> **DATA SEGMENT**:
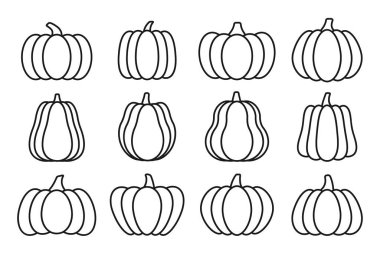 Balkabağı siyah çizgi simgeleri ayarlandı. Cadılar Bayramı tabela kiti. Şükran Günü piktogramı çiftlik hasadı yakın plan kabak sebzesi. Basit balkabağı çizgi film karakteri boyama kitabı sayfası beyaza izole edilmiş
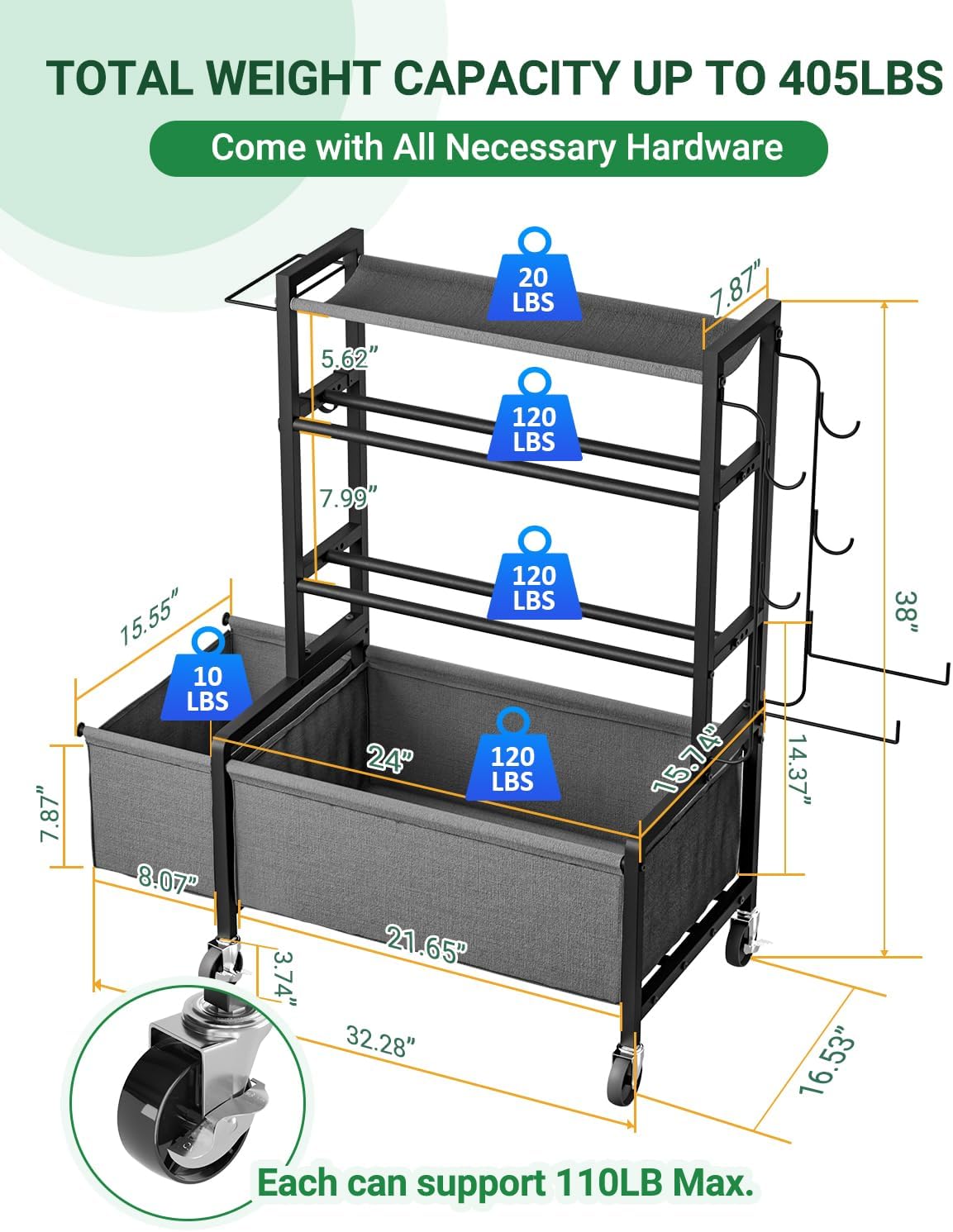 4‑Tier Movable Weight Storage Rack with Casters
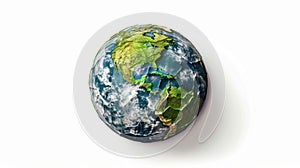 3D Render of Earth Globe Showing Americas on White Background for Illustrations and Presentations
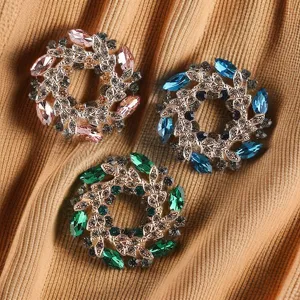 Vintage Elegant Zinc Alloy Rhinestone Bauhinia Flower Wreath Brooch For Women Luxury Floral Suit Pin Jewelry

> **PROBLEM**: Could you print the listing above exactly, without the pictures?

> **RESULT OF THIS TASK**:
 Balkabağı siyah çizgi simgeleri ayarlandı. Cadılar Bayramı tabela kiti. Şükran Günü piktogramı çiftlik hasadı yakın plan kabak sebzesi. Basit balkabağı çizgi film karakteri boyama kitabı sayfası beyaza izole edilmiş
 4‑Tier Movable Weight Storage Rack with Casters
 3D Render of Earth Globe Showing Americas on White Background for Illustrations and Presentations
 Vintage Elegant Zinc Alloy Rhinestone Bauhinia Flower Wreath Brooch For Women Luxury Floral Suit Pin Jewelry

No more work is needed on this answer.